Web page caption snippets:

--- START ---

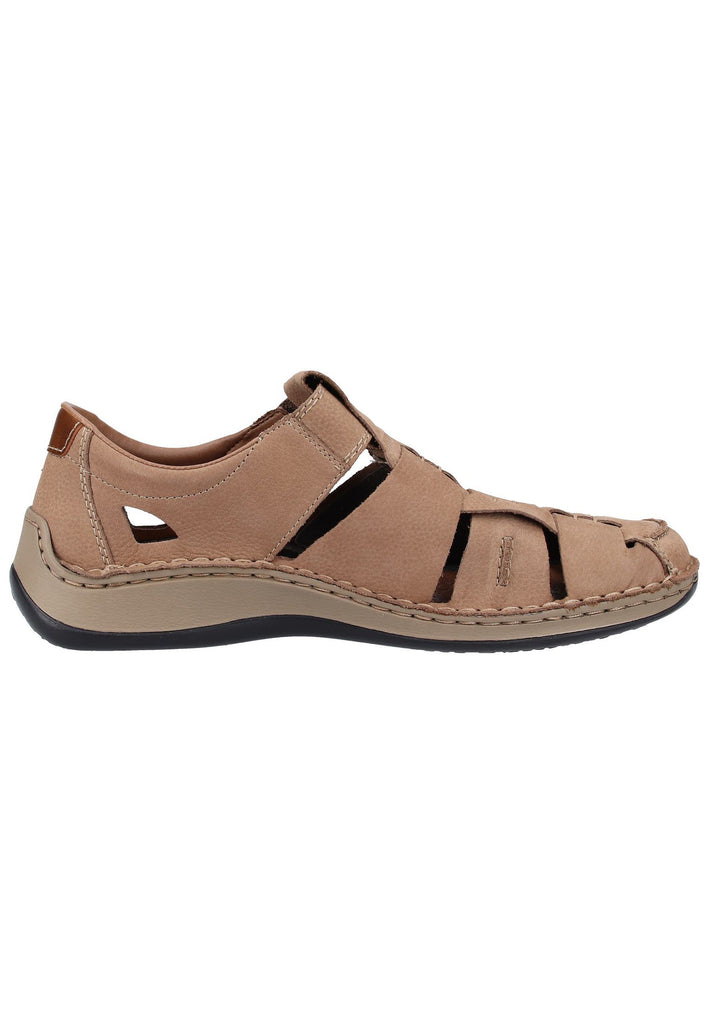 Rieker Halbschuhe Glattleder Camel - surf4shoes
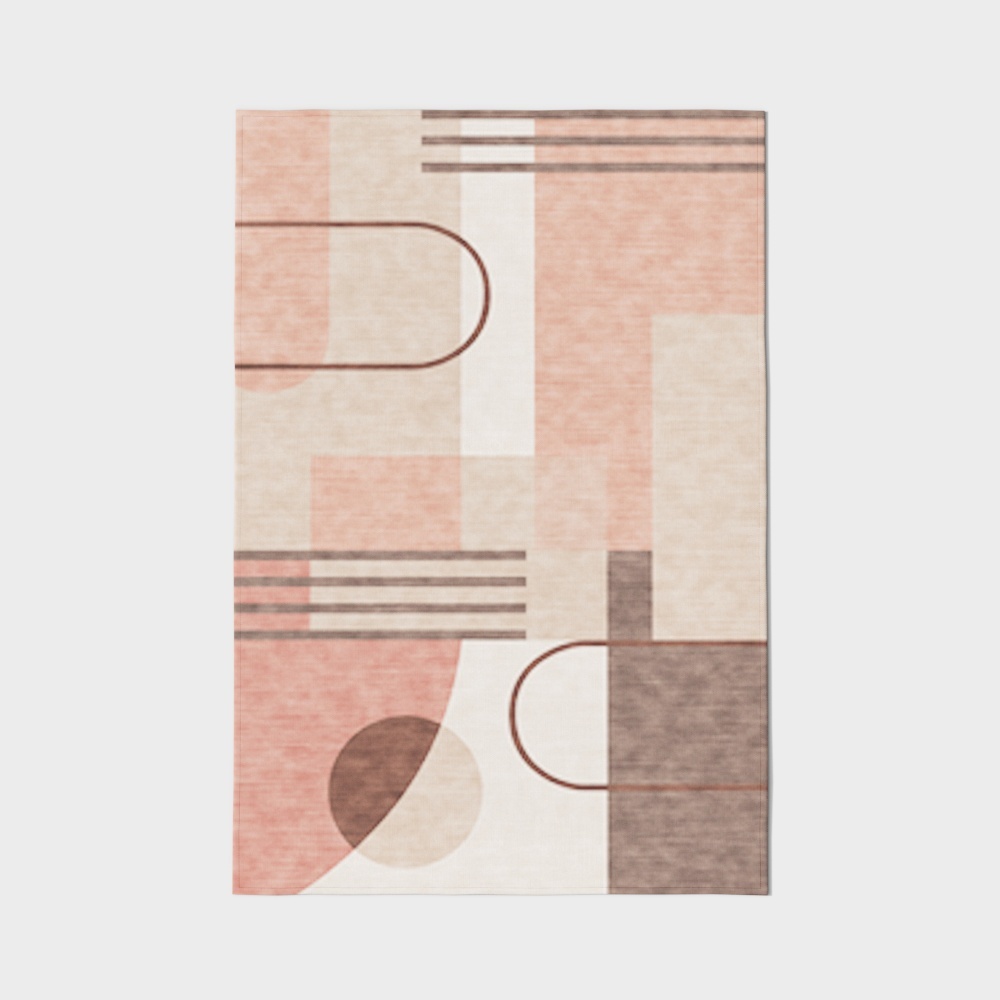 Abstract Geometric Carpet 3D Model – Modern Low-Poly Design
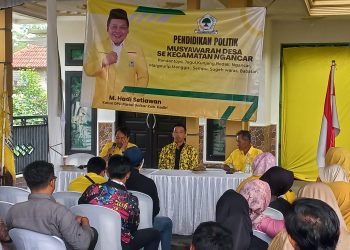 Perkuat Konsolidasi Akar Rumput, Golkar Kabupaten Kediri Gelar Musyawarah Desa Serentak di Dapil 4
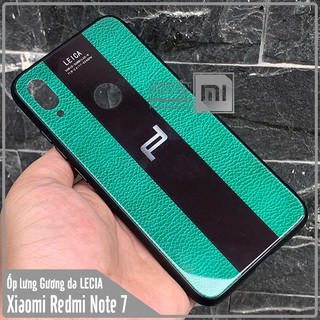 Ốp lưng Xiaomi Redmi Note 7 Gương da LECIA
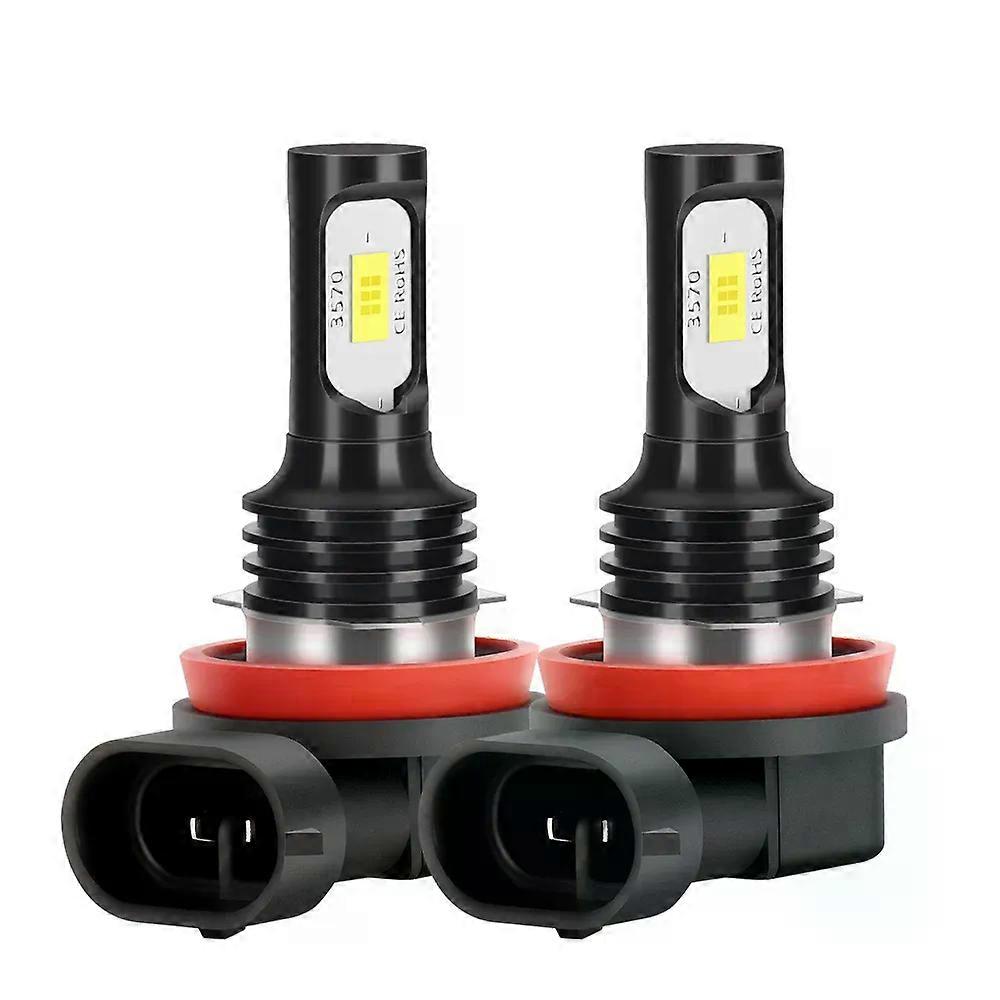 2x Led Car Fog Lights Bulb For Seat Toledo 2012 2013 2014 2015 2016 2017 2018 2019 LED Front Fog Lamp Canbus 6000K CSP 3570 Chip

--- END ---

All of the entries need to be copied exactly, minus any pictures.

▶ EXERCISE SOLUTION
 Rieker Halbschuhe Glattleder Camel - surf4shoes
 Abstract Geometric Carpet 3D Model – Modern Low-Poly Design
 Perkuat Konsolidasi Akar Rumput, Golkar Kabupaten Kediri Gelar Musyawarah Desa Serentak di Dapil 4
 Ốp lưng Xiaomi Redmi Note 7 Gương da LECIA
 2x Led Car Fog Lights Bulb For Seat Toledo 2012 2013 2014 2015 2016 2017 2018 2019 LED Front Fog Lamp Canbus 6000K CSP 3570 Chip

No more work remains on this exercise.